Un amigo carlista y reaccionario y empecinadamente
ultramontano, nos regaló esta cita de Dominique Paladilhe, contenida en su
libro: La grande aventure des Croisés. Se trata de una declaración de
Saladino –nada menos– que dice lo siguiente: “¡Ved a los cristianos, ved cómo
vienen en multitud, como se apresuran por el deseo, cómo se sostienen
mutuamente, cómo se cotizan juntos, cómo se resignan a grandes privaciones”! Lo
hacen con la idea de que por ello sirven a su religión; he aquí porqué consagran
a esta guerra su vida y su riqueza. En todo esto no tienen más causa que la de
Aquél que adoran, la gloria de Aquél en el que tienen fe”.
Buena reflexión para tiempos electorales que
coinciden, además, con una nueva embestida del Islam, en la que ya no hay
Saladinos ni mucho menos un Cid ni un Juan de Austria. Buena reflexión ante
esta nueva y trágica encrucijada de la Iglesia y de la Patria. Quede dicho: no
quisimos ni queremos tener otra causa que la gloria y la adoración de Aquél. Y
en esta causa, se nos van los años, las privaciones, la vida y la guerra.
Antonio Caponnetto
Pta: Por si alguien dispusiera de
tiempo y ganas sugiero la lectura del Epílogo de mi libro La
perversión democrática,donde me demoro en el quehacer político del
católico, tomando distancias de posturas abstencionistas y colaboracionistas.

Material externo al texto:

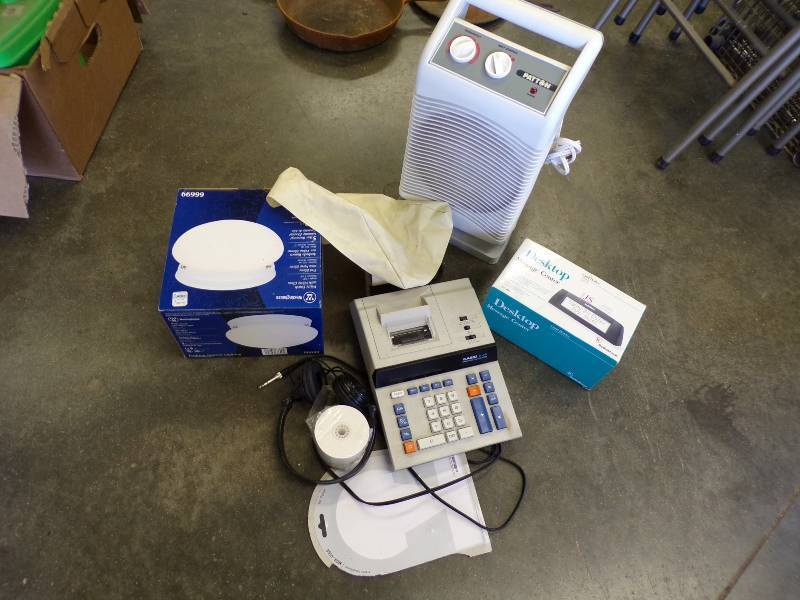 lot 242 image: Desktop Message Center, Heater, Adding Machine, Light, Headphones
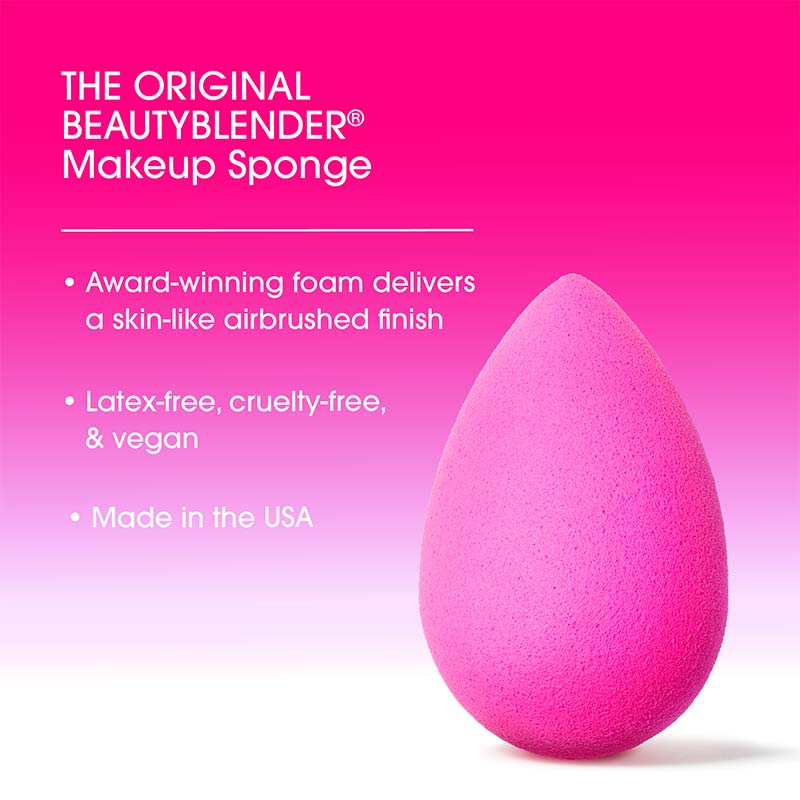 Original Beautyblender Makeup Sponge - Professional Blending Tool for Flawless Foundation & Concealer Application - Perfect for Everyday Makeup & On-The-Go Touch Ups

Sólo aclaro que el escrito es del año 2010.
[1]
Para quienes no estén en el tema –ni tengan porqué estarlo– aclaro que estoy
aludiendo a una seguidilla de interesantes notas del blog Info Caótica (“El
mal menor no es un pecado menor”, “El donatismo político”, “Balotaje”, “Algo
sobre el platonismo político”). Aclaro igualmente que, al margen de esta
dolorosa disidencia, en no pocos y sustanciales planteos me siento afín al
pensamiento expresado desde este valioso sitio digital. Y que fue desde el
mismo, entre otros, que se dio a conocer la solidaridad de un puñado de amigos
hacia mi persona, ante el ridículo y canallesco entredicho planteado por
Monseñor Taussig. Por lo que guardo un agradecimiento particular.
[2]
Declaración del Instituto de Filosofía Práctica, La vindicta como parte
potencial de la justicia y las elecciones presidenciales, Buenos Aires, 4-11-2015.
[3]
Primer comentario de la Redacción del blog Infocaótica al
artículo “Algo sobre el platonismo político”, 29-9-2015.